▸ **Exercise**
Your answer should be the lines below from the one with "A box of binoculars" to the one with "Grupa uczestników ceremonii", both included, given again exactly and with nothing added.

--- Information provided Enclosed Below ---

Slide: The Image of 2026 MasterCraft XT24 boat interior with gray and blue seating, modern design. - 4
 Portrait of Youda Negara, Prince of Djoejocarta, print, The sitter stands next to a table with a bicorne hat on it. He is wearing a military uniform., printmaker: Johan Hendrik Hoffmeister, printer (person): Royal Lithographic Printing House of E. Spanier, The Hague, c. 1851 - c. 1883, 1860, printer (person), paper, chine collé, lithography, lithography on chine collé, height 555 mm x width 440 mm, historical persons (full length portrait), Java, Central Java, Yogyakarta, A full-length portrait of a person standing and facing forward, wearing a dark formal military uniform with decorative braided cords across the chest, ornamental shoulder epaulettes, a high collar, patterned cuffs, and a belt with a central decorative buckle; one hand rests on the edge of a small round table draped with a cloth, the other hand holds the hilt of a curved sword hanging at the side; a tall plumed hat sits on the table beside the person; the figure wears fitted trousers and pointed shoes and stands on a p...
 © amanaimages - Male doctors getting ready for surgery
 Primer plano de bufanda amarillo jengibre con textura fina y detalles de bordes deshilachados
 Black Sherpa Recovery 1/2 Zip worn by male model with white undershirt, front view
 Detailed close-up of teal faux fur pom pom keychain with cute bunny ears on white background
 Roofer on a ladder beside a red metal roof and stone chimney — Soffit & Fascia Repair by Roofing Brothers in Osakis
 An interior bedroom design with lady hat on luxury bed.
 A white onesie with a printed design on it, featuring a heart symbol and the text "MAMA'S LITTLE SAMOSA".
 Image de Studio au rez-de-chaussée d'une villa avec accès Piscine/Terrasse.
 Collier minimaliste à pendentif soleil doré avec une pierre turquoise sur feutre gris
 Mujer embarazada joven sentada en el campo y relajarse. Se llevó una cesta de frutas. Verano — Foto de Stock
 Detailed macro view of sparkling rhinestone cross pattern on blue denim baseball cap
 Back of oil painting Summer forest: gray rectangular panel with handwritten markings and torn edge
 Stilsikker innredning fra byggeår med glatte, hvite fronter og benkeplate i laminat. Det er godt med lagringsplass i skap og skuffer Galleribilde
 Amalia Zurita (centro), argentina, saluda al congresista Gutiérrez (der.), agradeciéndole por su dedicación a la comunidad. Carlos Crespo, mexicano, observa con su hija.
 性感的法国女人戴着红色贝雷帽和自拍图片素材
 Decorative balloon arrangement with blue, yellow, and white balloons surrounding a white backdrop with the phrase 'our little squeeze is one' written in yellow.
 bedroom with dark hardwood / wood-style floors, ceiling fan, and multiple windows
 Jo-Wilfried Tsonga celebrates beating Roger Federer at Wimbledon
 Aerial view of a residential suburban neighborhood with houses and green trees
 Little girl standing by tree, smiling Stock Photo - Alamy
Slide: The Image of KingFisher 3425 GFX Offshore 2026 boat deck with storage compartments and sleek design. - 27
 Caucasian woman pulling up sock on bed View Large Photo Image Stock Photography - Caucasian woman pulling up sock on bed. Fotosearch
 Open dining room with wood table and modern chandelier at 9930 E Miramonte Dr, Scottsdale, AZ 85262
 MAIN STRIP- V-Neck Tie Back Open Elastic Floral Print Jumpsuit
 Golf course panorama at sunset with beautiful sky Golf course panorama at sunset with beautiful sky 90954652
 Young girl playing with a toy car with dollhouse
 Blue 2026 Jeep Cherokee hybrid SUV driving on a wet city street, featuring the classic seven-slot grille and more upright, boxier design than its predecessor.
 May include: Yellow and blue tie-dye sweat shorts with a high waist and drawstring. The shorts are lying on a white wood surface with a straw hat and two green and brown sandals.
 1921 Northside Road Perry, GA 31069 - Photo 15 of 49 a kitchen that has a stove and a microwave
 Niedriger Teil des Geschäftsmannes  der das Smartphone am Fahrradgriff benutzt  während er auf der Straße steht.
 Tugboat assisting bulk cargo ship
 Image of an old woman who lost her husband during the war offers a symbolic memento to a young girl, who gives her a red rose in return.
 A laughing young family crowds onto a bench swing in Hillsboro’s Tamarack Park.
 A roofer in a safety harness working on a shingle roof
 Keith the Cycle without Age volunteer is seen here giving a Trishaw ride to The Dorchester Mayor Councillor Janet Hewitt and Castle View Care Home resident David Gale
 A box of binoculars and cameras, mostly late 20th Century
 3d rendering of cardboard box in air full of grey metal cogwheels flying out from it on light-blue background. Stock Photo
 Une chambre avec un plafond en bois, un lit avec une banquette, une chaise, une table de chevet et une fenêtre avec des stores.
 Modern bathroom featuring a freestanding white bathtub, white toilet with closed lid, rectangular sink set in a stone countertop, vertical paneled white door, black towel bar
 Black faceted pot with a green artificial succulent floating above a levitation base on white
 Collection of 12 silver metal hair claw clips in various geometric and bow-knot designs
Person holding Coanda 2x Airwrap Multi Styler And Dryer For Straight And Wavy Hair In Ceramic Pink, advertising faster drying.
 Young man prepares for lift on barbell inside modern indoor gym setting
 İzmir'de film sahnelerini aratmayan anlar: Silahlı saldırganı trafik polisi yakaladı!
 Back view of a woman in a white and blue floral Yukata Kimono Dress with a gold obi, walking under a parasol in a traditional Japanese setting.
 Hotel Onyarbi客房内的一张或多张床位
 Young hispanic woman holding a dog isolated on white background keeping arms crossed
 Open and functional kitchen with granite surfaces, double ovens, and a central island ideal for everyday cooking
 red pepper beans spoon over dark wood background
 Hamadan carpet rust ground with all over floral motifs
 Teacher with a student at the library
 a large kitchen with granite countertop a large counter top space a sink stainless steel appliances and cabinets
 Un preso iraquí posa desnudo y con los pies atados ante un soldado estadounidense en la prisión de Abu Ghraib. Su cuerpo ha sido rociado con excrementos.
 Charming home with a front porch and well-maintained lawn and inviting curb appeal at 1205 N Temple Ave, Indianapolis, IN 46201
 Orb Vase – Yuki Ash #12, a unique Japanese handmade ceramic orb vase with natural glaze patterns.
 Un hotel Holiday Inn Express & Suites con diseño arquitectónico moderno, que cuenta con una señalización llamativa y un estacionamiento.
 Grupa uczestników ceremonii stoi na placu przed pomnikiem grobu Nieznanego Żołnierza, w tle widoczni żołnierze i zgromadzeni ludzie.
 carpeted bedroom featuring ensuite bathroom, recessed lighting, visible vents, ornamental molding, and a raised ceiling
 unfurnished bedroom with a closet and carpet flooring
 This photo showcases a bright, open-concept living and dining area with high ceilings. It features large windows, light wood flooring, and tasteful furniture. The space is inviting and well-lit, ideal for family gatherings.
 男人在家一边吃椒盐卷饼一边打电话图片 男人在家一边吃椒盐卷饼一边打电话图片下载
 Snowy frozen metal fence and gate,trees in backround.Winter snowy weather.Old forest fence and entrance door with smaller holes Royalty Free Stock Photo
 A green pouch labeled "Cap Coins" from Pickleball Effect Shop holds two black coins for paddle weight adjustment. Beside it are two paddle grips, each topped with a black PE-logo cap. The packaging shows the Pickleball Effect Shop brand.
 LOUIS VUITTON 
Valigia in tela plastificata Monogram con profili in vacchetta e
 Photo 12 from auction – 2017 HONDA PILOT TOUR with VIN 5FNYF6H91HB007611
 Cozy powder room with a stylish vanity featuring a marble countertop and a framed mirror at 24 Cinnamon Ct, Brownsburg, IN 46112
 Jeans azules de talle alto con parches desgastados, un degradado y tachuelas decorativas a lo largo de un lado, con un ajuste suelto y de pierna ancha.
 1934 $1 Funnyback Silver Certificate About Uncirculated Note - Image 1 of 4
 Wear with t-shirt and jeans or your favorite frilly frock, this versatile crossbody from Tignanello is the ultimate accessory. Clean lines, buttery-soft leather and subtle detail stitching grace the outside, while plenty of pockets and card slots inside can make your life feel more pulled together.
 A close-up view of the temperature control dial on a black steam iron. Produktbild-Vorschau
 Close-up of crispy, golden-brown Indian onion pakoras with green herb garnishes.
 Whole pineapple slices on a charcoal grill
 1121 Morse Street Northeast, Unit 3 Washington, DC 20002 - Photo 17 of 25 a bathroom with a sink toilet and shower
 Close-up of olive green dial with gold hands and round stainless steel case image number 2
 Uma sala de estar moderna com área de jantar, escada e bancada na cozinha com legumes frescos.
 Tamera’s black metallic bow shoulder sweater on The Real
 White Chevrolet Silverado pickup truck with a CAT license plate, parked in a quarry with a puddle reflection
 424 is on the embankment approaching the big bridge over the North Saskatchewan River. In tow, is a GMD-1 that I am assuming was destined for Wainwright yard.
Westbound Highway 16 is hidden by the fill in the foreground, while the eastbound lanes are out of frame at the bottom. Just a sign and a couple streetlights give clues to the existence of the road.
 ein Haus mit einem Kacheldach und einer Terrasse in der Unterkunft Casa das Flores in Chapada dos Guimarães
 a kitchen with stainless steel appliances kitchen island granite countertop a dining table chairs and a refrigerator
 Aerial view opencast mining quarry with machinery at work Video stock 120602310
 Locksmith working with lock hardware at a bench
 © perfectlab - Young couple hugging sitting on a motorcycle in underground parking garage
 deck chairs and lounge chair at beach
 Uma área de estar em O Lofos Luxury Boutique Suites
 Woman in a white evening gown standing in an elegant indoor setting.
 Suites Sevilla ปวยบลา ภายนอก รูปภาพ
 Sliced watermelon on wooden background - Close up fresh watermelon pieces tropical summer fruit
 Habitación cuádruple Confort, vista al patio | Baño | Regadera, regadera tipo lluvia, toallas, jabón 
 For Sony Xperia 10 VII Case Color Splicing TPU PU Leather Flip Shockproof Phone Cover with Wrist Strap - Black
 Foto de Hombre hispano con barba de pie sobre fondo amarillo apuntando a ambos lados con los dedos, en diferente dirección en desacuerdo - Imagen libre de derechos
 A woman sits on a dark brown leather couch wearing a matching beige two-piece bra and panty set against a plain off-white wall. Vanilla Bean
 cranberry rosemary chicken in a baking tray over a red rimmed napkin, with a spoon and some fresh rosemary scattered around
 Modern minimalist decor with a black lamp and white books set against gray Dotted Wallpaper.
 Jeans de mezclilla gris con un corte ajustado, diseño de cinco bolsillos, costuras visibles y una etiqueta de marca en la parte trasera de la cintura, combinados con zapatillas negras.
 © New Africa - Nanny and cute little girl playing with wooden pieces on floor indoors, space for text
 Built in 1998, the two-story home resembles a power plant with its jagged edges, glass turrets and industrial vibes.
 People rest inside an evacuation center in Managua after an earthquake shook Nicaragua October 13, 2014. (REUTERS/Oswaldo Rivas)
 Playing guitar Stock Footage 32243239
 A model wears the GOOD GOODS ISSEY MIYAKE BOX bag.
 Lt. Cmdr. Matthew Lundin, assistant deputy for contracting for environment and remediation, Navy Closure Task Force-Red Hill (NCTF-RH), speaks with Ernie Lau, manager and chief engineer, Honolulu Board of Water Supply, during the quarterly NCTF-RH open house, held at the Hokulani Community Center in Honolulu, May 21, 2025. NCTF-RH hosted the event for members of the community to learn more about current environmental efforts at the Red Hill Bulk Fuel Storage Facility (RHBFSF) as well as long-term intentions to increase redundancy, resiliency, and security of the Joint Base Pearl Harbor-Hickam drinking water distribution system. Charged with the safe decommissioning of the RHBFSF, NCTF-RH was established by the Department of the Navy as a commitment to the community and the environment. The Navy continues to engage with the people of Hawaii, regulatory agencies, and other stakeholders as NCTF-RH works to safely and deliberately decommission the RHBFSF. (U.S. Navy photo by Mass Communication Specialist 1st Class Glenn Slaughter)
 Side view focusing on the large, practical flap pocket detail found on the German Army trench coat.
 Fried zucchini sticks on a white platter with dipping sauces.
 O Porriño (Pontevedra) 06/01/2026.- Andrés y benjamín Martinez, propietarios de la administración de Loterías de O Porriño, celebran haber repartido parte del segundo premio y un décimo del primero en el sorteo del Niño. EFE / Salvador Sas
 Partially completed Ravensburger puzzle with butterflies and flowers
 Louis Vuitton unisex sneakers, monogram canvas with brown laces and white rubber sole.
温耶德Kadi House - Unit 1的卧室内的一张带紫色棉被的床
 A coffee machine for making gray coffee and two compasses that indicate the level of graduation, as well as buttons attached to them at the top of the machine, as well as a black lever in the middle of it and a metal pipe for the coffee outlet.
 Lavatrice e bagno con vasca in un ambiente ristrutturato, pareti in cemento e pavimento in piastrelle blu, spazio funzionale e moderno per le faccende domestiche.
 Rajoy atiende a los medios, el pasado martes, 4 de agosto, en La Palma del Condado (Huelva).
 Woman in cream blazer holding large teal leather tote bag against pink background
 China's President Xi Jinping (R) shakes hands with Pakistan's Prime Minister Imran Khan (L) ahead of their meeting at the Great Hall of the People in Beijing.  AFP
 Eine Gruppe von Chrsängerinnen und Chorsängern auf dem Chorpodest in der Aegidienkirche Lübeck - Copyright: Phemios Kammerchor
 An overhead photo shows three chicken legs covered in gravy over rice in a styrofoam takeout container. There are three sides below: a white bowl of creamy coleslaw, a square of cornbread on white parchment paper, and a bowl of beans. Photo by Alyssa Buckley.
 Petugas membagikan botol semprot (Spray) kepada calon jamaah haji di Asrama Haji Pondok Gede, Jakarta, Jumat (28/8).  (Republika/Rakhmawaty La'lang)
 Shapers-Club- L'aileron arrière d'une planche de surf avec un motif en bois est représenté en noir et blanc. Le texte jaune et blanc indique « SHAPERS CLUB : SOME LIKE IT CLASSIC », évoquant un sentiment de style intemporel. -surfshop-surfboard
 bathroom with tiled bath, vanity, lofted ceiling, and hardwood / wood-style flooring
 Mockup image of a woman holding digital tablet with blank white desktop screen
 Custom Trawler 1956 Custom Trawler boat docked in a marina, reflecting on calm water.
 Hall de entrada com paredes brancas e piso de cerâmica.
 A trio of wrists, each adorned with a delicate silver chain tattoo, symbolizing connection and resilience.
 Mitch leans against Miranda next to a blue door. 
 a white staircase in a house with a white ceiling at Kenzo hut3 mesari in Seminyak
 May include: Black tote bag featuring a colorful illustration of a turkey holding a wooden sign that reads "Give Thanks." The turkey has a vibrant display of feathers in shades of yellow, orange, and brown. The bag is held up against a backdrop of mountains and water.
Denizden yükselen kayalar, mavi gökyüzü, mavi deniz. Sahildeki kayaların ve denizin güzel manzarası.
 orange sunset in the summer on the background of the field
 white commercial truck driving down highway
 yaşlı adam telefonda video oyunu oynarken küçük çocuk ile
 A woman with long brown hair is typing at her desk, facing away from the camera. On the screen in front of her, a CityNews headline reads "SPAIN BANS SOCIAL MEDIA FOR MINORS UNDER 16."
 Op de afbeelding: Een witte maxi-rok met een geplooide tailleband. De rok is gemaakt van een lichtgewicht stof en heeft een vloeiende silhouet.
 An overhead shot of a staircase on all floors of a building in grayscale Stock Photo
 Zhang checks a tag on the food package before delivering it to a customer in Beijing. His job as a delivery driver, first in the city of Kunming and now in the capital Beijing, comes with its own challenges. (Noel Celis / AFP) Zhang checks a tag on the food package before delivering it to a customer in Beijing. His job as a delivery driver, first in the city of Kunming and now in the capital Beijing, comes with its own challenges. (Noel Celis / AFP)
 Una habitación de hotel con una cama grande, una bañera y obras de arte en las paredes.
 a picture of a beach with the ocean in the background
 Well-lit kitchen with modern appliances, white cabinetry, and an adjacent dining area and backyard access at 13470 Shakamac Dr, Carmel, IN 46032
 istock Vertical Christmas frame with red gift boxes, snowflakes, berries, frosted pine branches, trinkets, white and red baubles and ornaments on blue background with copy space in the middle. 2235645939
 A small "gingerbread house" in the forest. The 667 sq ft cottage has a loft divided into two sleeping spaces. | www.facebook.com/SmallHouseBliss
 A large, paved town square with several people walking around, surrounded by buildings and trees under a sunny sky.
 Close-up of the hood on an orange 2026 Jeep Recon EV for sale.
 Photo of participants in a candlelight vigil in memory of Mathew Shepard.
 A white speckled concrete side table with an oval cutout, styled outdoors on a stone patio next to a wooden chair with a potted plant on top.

--- End of Enclosed Information provided ---

▸ **Result of the exercise**
 A box of binoculars and cameras, mostly late 20th Century
 3d rendering of cardboard box in air full of grey metal cogwheels flying out from it on light-blue background. Stock Photo
 Une chambre avec un plafond en bois, un lit avec une banquette, une chaise, une table de chevet et une fenêtre avec des stores.
 Modern bathroom featuring a freestanding white bathtub, white toilet with closed lid, rectangular sink set in a stone countertop, vertical paneled white door, black towel bar
 Black faceted pot with a green artificial succulent floating above a levitation base on white
 Collection of 12 silver metal hair claw clips in various geometric and bow-knot designs
Person holding Coanda 2x Airwrap Multi Styler And Dryer For Straight And Wavy Hair In Ceramic Pink, advertising faster drying.
 Young man prepares for lift on barbell inside modern indoor gym setting
 İzmir'de film sahnelerini aratmayan anlar: Silahlı saldırganı trafik polisi yakaladı!
 Back view of a woman in a white and blue floral Yukata Kimono Dress with a gold obi, walking under a parasol in a traditional Japanese setting.
 Hotel Onyarbi客房内的一张或多张床位
 Young hispanic woman holding a dog isolated on white background keeping arms crossed
 Open and functional kitchen with granite surfaces, double ovens, and a central island ideal for everyday cooking
 red pepper beans spoon over dark wood background
 Hamadan carpet rust ground with all over floral motifs
 Teacher with a student at the library
 a large kitchen with granite countertop a large counter top space a sink stainless steel appliances and cabinets
 Un preso iraquí posa desnudo y con los pies atados ante un soldado estadounidense en la prisión de Abu Ghraib. Su cuerpo ha sido rociado con excrementos.
 Charming home with a front porch and well-maintained lawn and inviting curb appeal at 1205 N Temple Ave, Indianapolis, IN 46201
 Orb Vase – Yuki Ash #12, a unique Japanese handmade ceramic orb vase with natural glaze patterns.
 Un hotel Holiday Inn Express & Suites con diseño arquitectónico moderno, que cuenta con una señalización llamativa y un estacionamiento.
 Grupa uczestników ceremonii stoi na placu przed pomnikiem grobu Nieznanego Żołnierza, w tle widoczni żołnierze i zgromadzeni ludzie.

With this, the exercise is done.